As the BP oil spill continues to flood the Gulf of Mexico, I find myself asking if such an environmental catastrophe might constitute the sort of “creative destruction” that right-wing market fundamentalists love to cite when they defend “free markets” and capitalism.

Creative destruction is the term coined in 1942 by the brilliant Austrian economist Joseph Schumpeter to describe certain not-so-benign effects of the market system, and the right wing has clung to the concept ever since. In the right’s oversimplified version of Schumpeter’s idea, capitalists function as something akin to artists who must not be restrained by governments lest they lose their creative verve and nerve.

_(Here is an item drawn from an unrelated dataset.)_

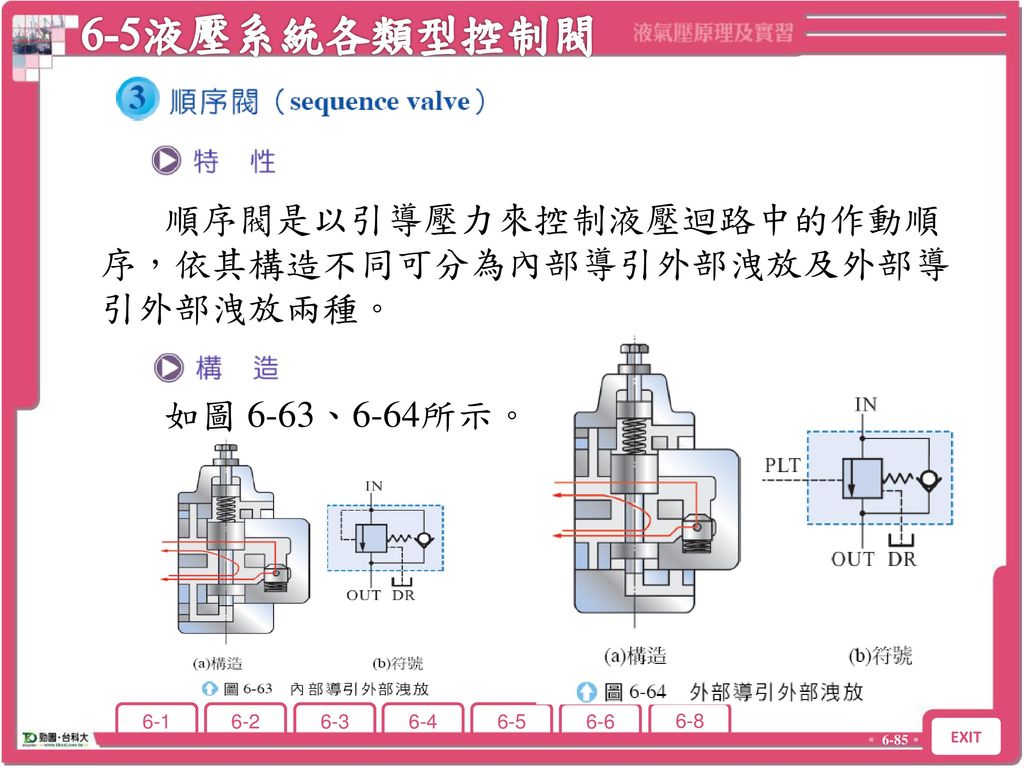 6-5 液壓系統各類型控制閥之符號、構造、功用及工作原理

Of course, such unregulated enthusiasm will from time to time lead to the destruction of old-fashioned, cherished ways of life and work. But these trades and practices were headed for the ash heap anyway, and from this “industrial mutation,” as Schumpeter put it, will arise, well . . . something wonderful.

So far, however, I can’t seem to find the good, creative or otherwise, in the tide of petroleum now well on its way to suffocating the Gulf and its surrounding coastline. While waiting for the good news, I have to content myself with trying to understand the bad.

For one thing, none of what has happened over the past month — the absurd obfuscations by BP and the federal government, the lack of a plan to address the disaster, the so-far toothless denunciations of “big oil” — should surprise anyone. The corruption of the bureaucrats assigned to “regulate” oil drilling on public lands is an old story dating back to the Teapot Dome scandal, in the early 1920s, when Albert Fall, Warren Harding’s secretary of the interior, took bribes from oilmen in exchange for granting them leases without competitive bidding. As Brian Urstadt explained last year in Harper’s Magazine, the descendants of Fall at the Interior Department’s Minerals Management Service were, as Annie Oakley sang in “Annie Get Your Gun,” just “doing what comes naturally.”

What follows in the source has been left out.